Guanjun Wu 1, Taoran Yi 2, Jiemin Fang 3‡, Lingxi Xie 3 , Xiaopeng Zhang 3 , Wei Wei 1 ,Wenyu Liu 2 , Qi Tian 3 , Xinggang Wang 2‡✉
1 School of CS, HUST 2 School of EIC, HUST 3 Huawei Inc.
* Equal Contributions. $\ddagger$ Project Lead. ✉ Corresponding Author.
Our method converges very quickly and achieves real-time rendering speed.
New Colab demo: (Thanks Tasmay-Tibrewal )
Old Colab demo: (Thanks camenduru.)
Light Gaussian implementation: This link (Thanks pablodawson)
2024.6.25: we clean the code and add an explanation of the parameters.
2024.3.25: Update guidance for hypernerf and dynerf dataset.
2024.03.04: We change the hyperparameters of the Neu3D dataset, corresponding to our paper.

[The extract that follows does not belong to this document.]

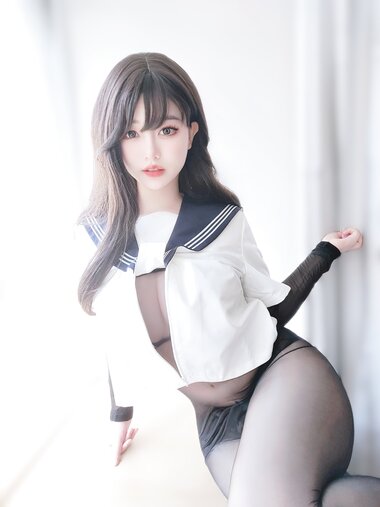 [Cosplay] 女主K 性感水手服妹妹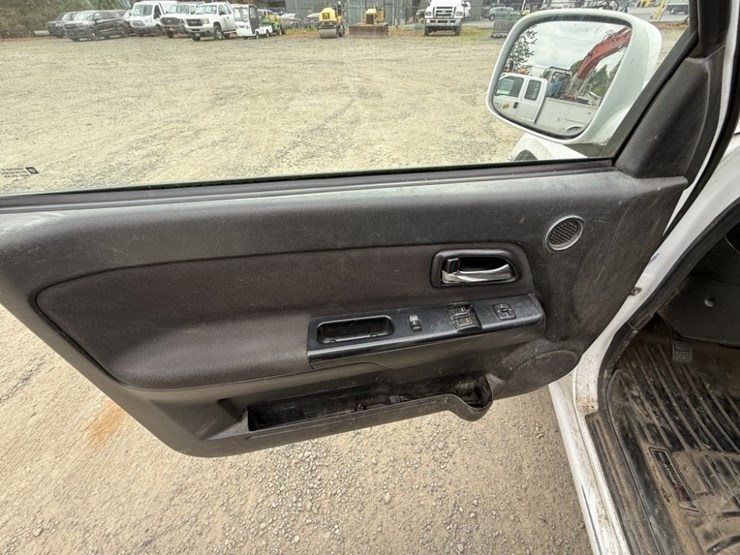 2012-chevrolet-colorado-image-24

2024.02.28: Update SIBR viewer guidance.
2024.02.27: Accepted by CVPR 2024. We delete some logging settings for debugging, the corrected training time is only 8 mins (20 mins before) in D-NeRF datasets and 30 mins (1 hour before) in HyperNeRF datasets. The rendering quality is not affected.
Please follow the 3D-GS to install the relative packages.
git clone https://github.com/hustvl/4DGaussians
cd 4DGaussians
git submodule update --init --recursive
conda create -n Gaussians4D python=3.7
conda activate Gaussians4D
pip install -r requirements.txt
pip install -e submodules/depth-diff-gaussian-rasterization
pip install -e submodules/simple-knn
In our environment, we use pytorch=1.13.1+cu116.
For synthetic scenes: The dataset provided in D-NeRF is used. You can download the dataset from dropbox.
For real dynamic scenes: The dataset provided in HyperNeRF is used. You can download scenes from Hypernerf Dataset and organize them as Nerfies.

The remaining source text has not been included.